**Work to be completed:** Using the records below, copy exactly the part that opens with the line holding "Eizo SX3031W (SX3031WH-BK) Eizo" and closes with the line holding "Araras azuais e amarelas", minus the pictures.

**Extracted entries:**
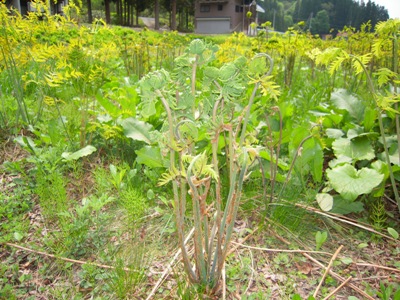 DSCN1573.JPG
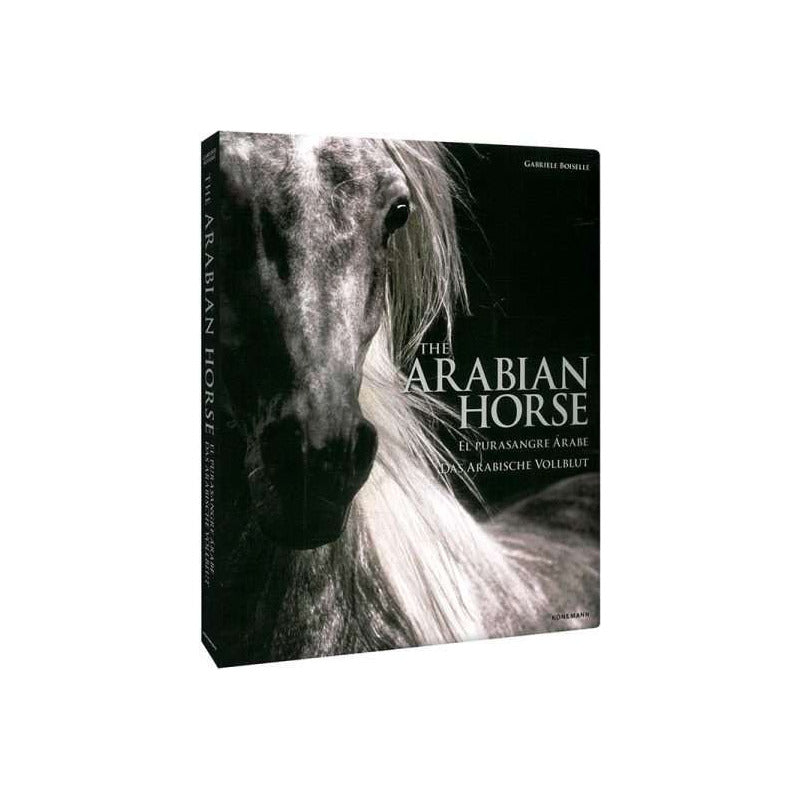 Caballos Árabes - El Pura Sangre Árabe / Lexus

==

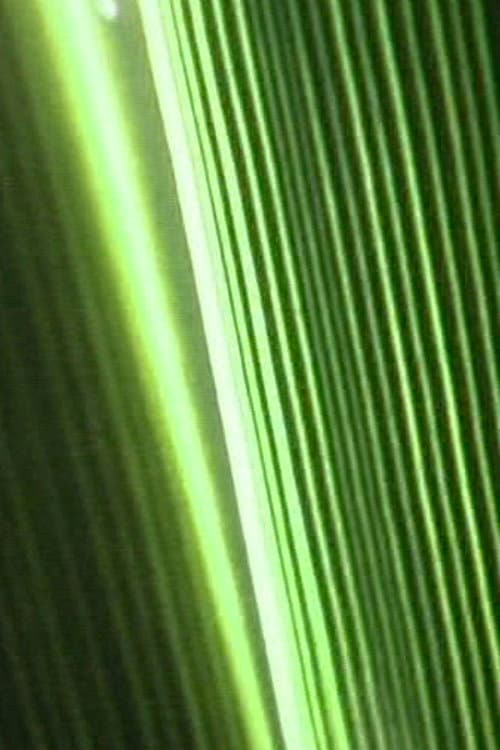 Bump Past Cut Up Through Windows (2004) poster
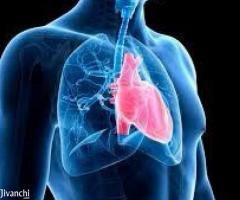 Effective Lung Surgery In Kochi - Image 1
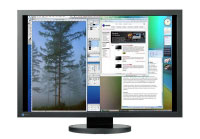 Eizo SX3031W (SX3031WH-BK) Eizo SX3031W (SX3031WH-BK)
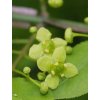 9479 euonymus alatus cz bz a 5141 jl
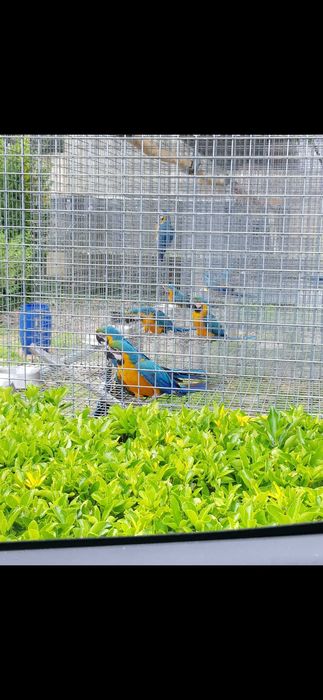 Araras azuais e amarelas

**Result:**
 Eizo SX3031W (SX3031WH-BK) Eizo SX3031W (SX3031WH-BK)
 9479 euonymus alatus cz bz a 5141 jl
 Araras azuais e amarelas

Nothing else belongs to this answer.